Lo studente, a questo punto, assume uno sguardo malinconico. Da dietro la finestra intravedo la sua piccola biblioteca (una montagnola di libri e la scrivania con il computer portatile d'ordinanza - è la seconda volta che mi viene fuori questa parola, ci sarà un perchè: perchè?). Si appoggia con le braccia alla balaustra e sembra protendersi verso le due fanciulle. E' evidente: stanno aspettando qualcuno che fa tardi all'appuntamento; stanno per andare a fare quattro salti in discoteca (il trucco, vistoso, denota una certa aria di sfida e voglia di mettersi in competizione, vediamo chi è che riceve più avances, vediamo se riesci a portartene al letto almeno un paio, ridono, la mora sogghigna, ha schiacciato la cicca di sigaretta con una violenza davvero estrema, deve essere un tipo molto deciso nella vita, quella reale, quella di tutti i giorni, non di Sabato sera, ovviamente, che è l'eccezione che conferma la regola un po' per tutti - almeno, per tutti quelli che, di Sabato sera, escono a fare quattro salti o quattro chiacchiere con gli amici al pub, o in centro, a passeggiare e a farsi notare dagli altri).
Poi arriva la ritardataria: "Aho, so due ore che stamo qua, quanto c'hai messo!", dice l'una (la mora); "Sta bona, ce stava la fila ar bagno stasera, c'è mi sorella che esce cor ragazzo, m'ha fatto propio gira, stasera!", risponde l'altra. E sia io che lo studente sentiamo tutto, anche da questa distanza (parallela, quarto piano, anche se l'uno di fronte all'altro).
Poi la ritardataria scrocca una sigaretta. La bionda smette di guardare il cellulare e lo infila in borsa. La mora si siede al posto del guidatore e partono.

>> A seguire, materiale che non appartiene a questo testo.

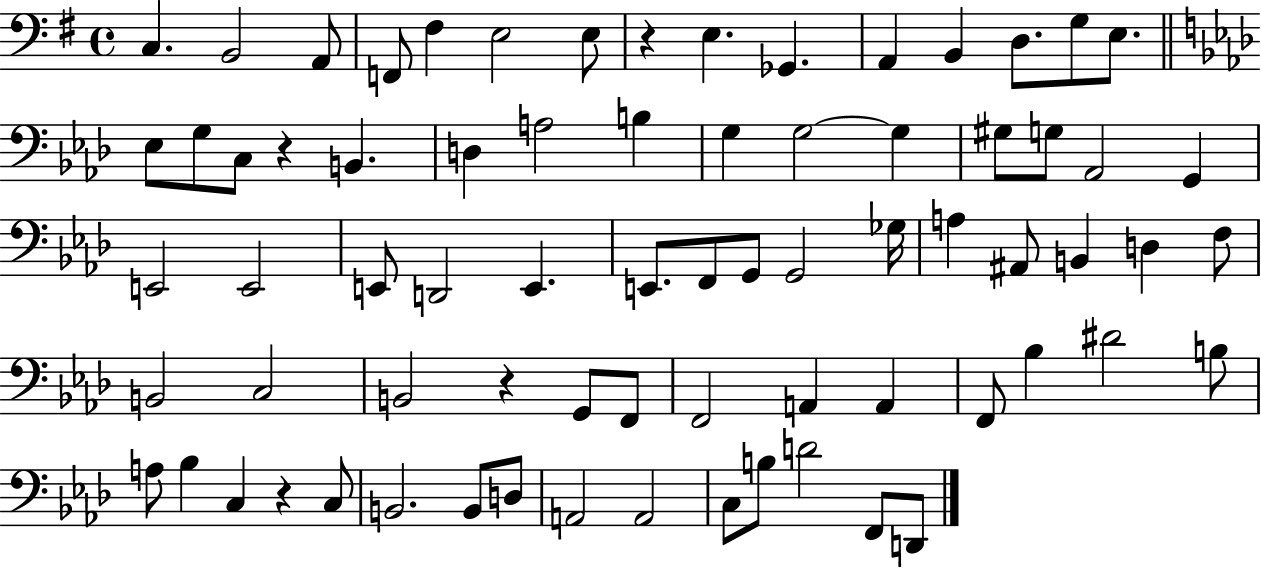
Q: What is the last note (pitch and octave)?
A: D2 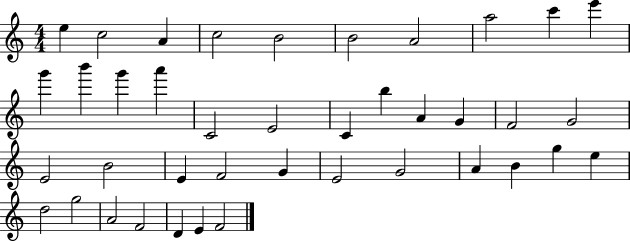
E5/q C5/h A4/q C5/h B4/h B4/h A4/h A5/h C6/q E6/q G6/q B6/q G6/q A6/q C4/h E4/h C4/q B5/q A4/q G4/q F4/h G4/h E4/h B4/h E4/q F4/h G4/q E4/h G4/h A4/q B4/q G5/q E5/q D5/h G5/h A4/h F4/h D4/q E4/q F4/h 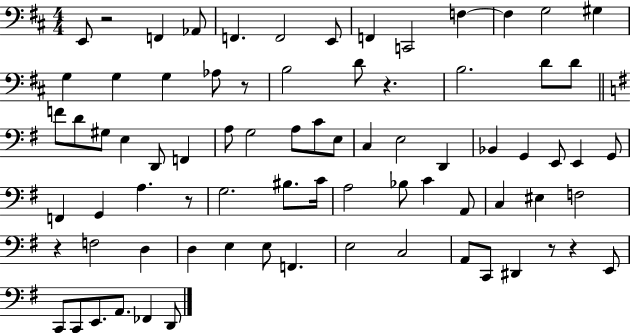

Lo studente solleva lo sguardo e si accorge della mia presenza; fa una smorfia, misto di noia e rabbia. E si rintana. Io faccio lo stesso. E' Sabato sera. E lui deve studiare. Mentre io non ho sonno e mi lascio scappare le occasioni come niente fosse. Mentre i cinema, con gli altoparlanti a tutto volume, riempiono l'aria di effetti speciali e dialoghi smozzicati e fumo di sigarette.